(What is expected) Output exactly the lines that run from the start of the records to the line with "Table de chevet", counting both ends, and skip the pictures.

(Data for the task)
* * *

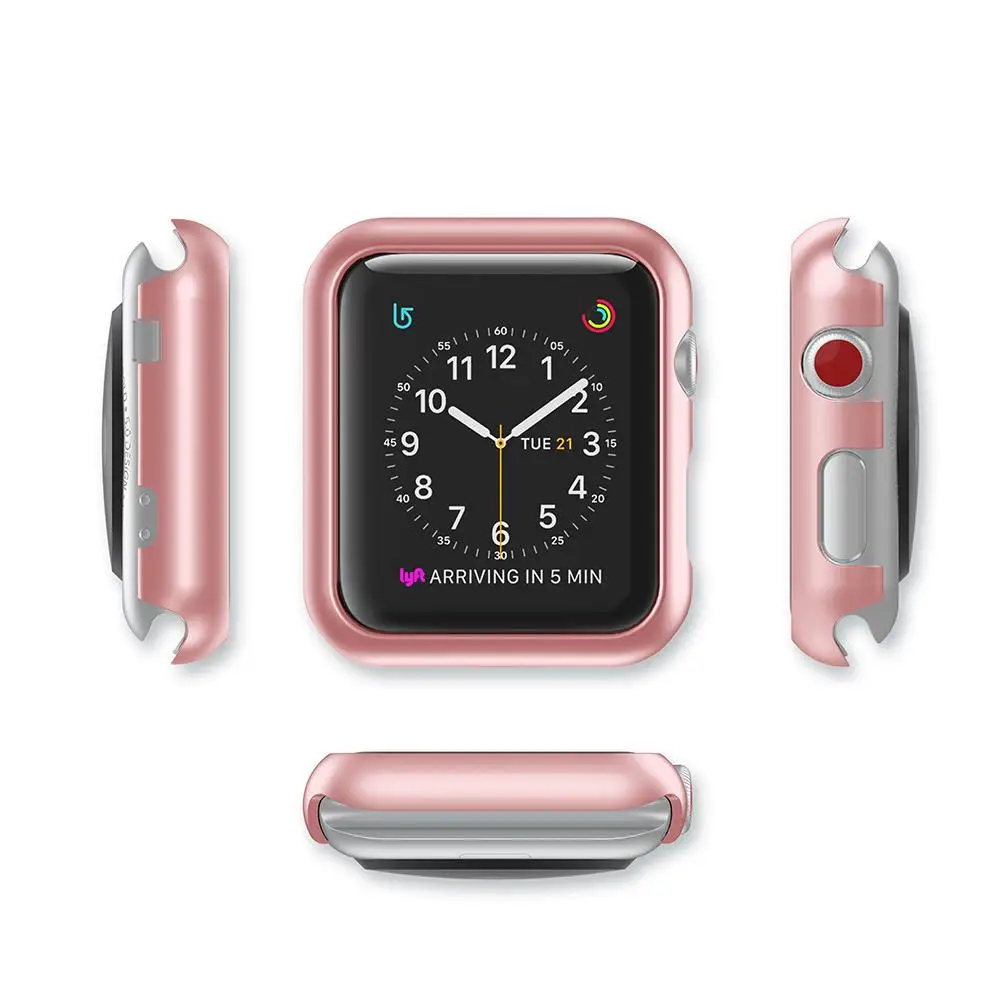 

Fashion Protective Case for Apple Watch 2 3 Protective Case PC for Smart Watch 38mm 42mm Rose Gold Silver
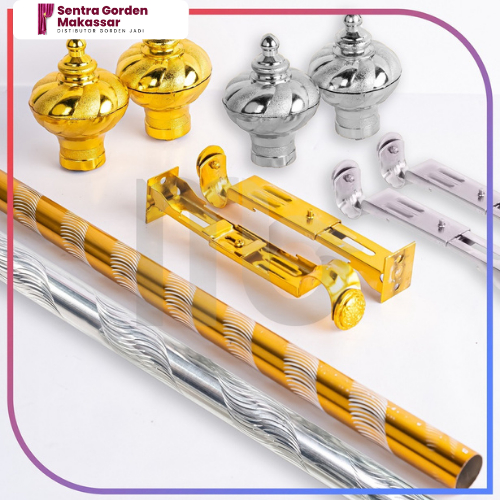 Besi Gorden Full Set Gold/Batang Hordeng/Tiang Gorden/Rel Gorden/Besi gorden Tiang/gorden Tongkat/go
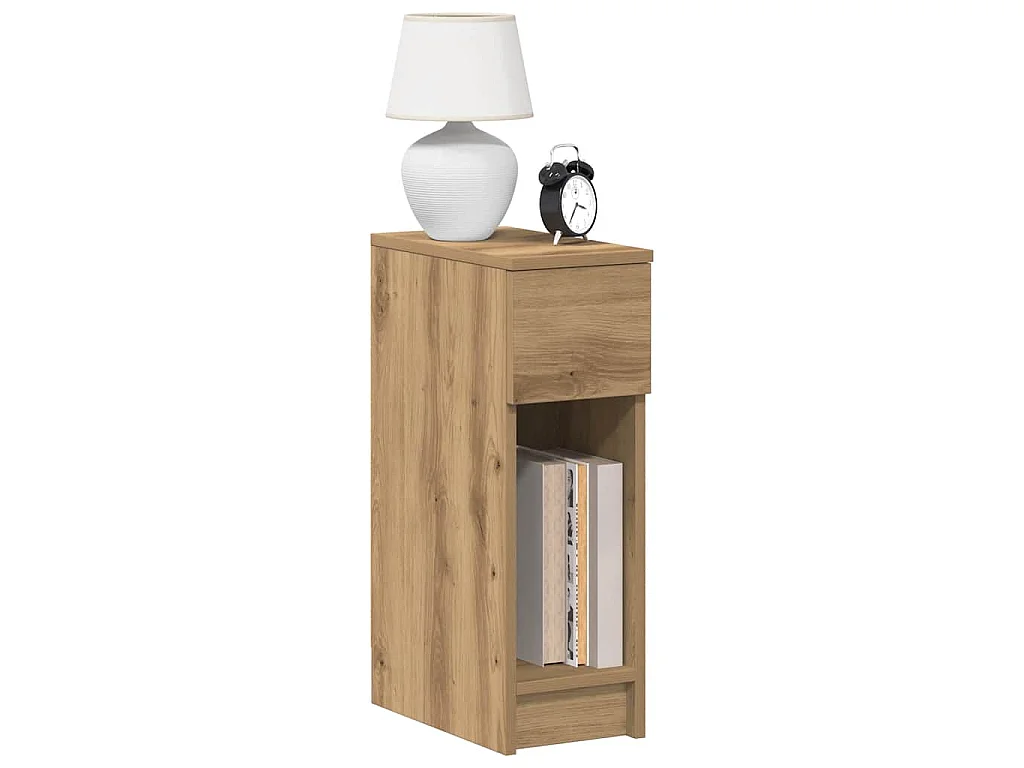 Table de chevet avec tiroir chêne artisanal 20x36x60 cm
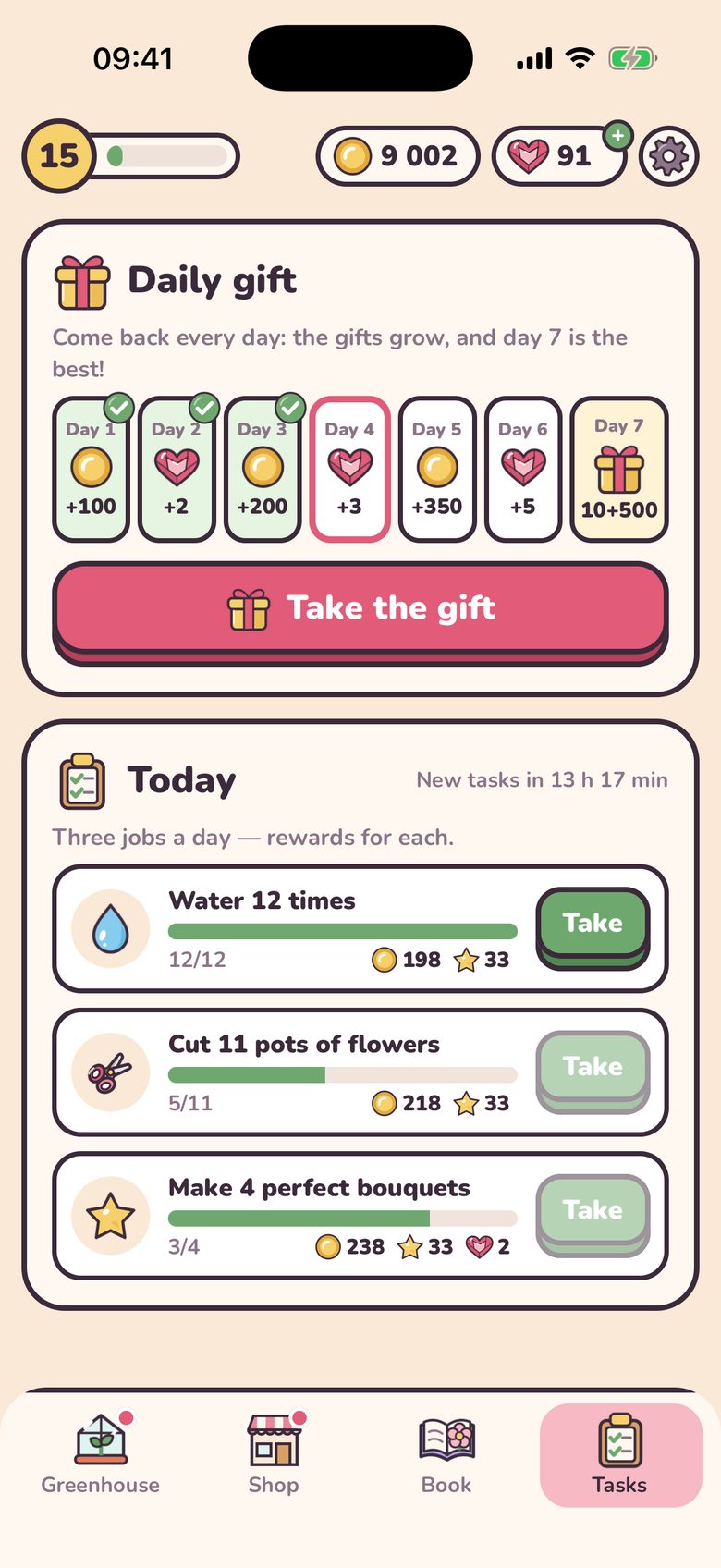 The Tasks page: a daily gift calendar with seven days of coins and gems, days one to three already taken and a big Take the gift button, and below it today’s three tasks, water 12 times, cut 11 pots of flowers and make 4 perfect bouquets, each with a progress bar and a reward.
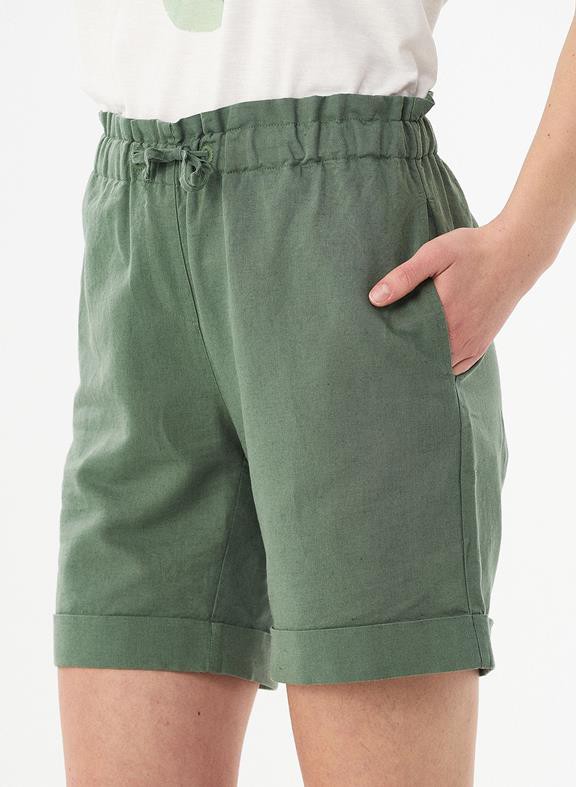 Paperbag Shorts Linen Blend Green from Shop Like You Give a Damn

* * *

(Response to the task)
Fashion Protective Case for Apple Watch 2 3 Protective Case PC for Smart Watch 38mm 42mm Rose Gold Silver
 Besi Gorden Full Set Gold/Batang Hordeng/Tiang Gorden/Rel Gorden/Besi gorden Tiang/gorden Tongkat/go
 Table de chevet avec tiroir chêne artisanal 20x36x60 cm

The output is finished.